Cheese, corn and beans are several high-calorie ingredients typically found in pasta salads. If you do add cheese, sprinkle about one tablespoon per serving to add flavor. For corn or beans, two tablespoons per serving should be enough.
Many dressings drown a pasta salad in calories. You want just enough dressing to cover the ingredients, without totally saturating them. This also allows the flavors of the vegetables and fresh herbs to come though. There are also many ways to make a healthier dressing: Combine light mayonnaise with nonfat Greek yogurt to cut overall calories or use a vinaigrette dressing instead of mayonnaise. Whichever you choose, a good rule of thumb is to use two tablespoons of dressing per serving.
Farfalle Salad with Fennel, Prosciutto and Parmesan
- 8 oz farfalle pasta (bow ties)
- 1 large fennel bulb (about 1 pound), sliced as thin as possible
- 1/4 cup extra virgin olive oil
- 2 tablespoons lemon juice
- 1/4 teaspoon salt
- 1/2 teaspoon fresh-ground black pepper
- 1/4 pound thin-sliced prosciutto, cut into strips
- 1/4-pound chunk Parmesan cheese, shaved
In a large pot of boiling, salted water, cook the pasta until al dente, about 14 minutes. Drain.

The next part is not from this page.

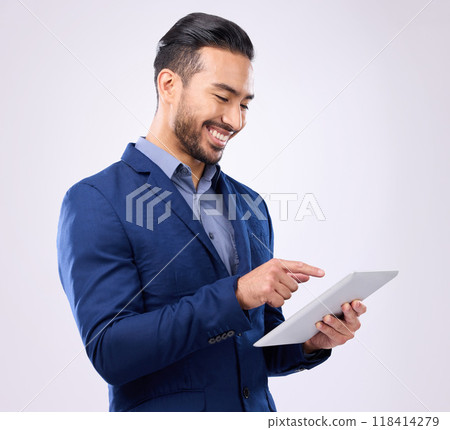 Man, business and tablet with a smile in studio for communication and network connection. Asian male model isolated on a gray background with tech for mobile app, online chat and search on internet 118414279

In a large bowl, toss together the pasta, fennel, oil, lemon juice, salt and 1/4 teaspoon of the pepper. Add the prosciutto and toss again.
Mound the salad on plates. Top with strips of Parmesan shaved from the chunk of cheese with a vegetable peeler.
Sprinkle the remaining 1/4 teaspoon pepper over the cheese.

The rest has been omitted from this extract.